On commission from the Albany Symphony, I led a team that created a radiophonic sound design, which was incorporated into a new orchestral work that invoked the history of the Erie Canal. In this clip (one of three segments we produced), an actor performs the actual speech given at an 1817 groundbreaking ceremony for work on the canal, while spectators shuffle and applaud. Emerging out of the speech, and tightly timed to the orchestral score (by Dan Scholsberg) are the sounds that we surmised, based on our archival research, would have followed: shovels and then celebratory cannons. Consulting with the symphony and the composer, we balanced a sense of period accuracy with an international, multilingual cast, and a sound that acknowledges New York’s current realities and riffs on the temporal displacements invoked by Hamilton. In addition to triggering the fixed media audio track live onstage at the premiere, I also performed with the symphony as a guest on guitar.
I collaborated with the internationally-known performance artist Marina Abramovic and the Hugo-award winning science fiction novelist Kim Stanley Robinson to create a number of audio works for gallery, podcast and literary contexts. During an “Abramovic Method” workshop, I shepherded a cast of 20 through a studio voice-recording process, and then produced, edited, mixed, and sound designed several versions of the piece, which blogger Cory Doctorow reviewed: “The audioscape is rich and haunting, and has moments of goosepimple-raising eeriness.”
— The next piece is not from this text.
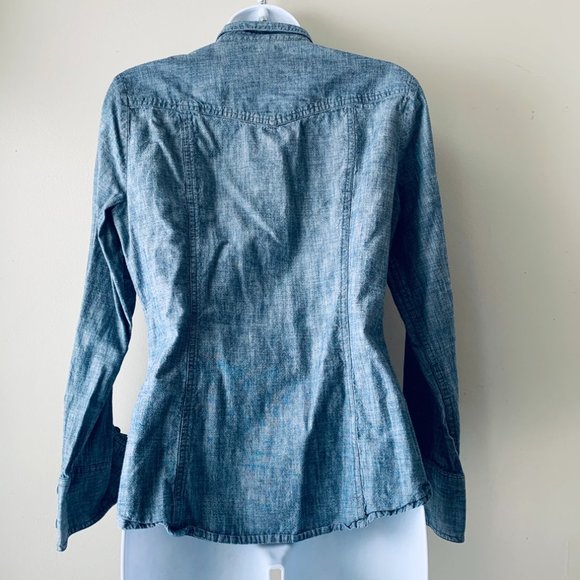GAP chambray shirt size M - Picture 4 of 11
In addition to gallery sound installation version of the project credited to Abramovic as “3015”, and a performance track which Robinson took on tour to read with at literary festivals, the project found its final form as Episode 3 of the podcast Into the Impossible, from the Arthur C. Clarke Center for the Human Imagination.


I created the sound design for the 360-degree VR film How to Tell a True Immigrant Story (dir: Aggie Bazaz) using the emerging Ambisonics format, in which sound is encoded as a virtual sphere that replicates a naturalistic listening environment in which sounds may come at the listener from any direction. When wearing a headset and headphones, the positions of the listener’s two ears are tracked within that sphere, which is then “decoded” into a dynamically-changing headphone experience: an illusion that the sounds are accurately positioned in space. Practically, this allows a sound designer to position a changing array of sounds in coordination with spherical VR moving images, and (conventionally) to produce a naturalistic, immersive sense of virtual realism, or (as on this project) to defy this convention and bring attention to the artifice of VR. Among my challenges on this project was to emphasize the film’s potent artistic sensibilities in ways that focused attention on its politically urgent content, and not just the whiz-bang of its innovative technology and format. The film debuted at the prestigious Locarno International Film Festival (the first VR film ever to compete there), and subsequently had a successful festival run across several countries, winning a Special Jury Mention at the Encounters Festival (Bristol, UK)
Though the ideal watching/listening experience is on a VR headset, it is possible to get a sense of the effect of the ambisonic sound design by listening on headphones while mousing over and dragging the video around to explore the sphere.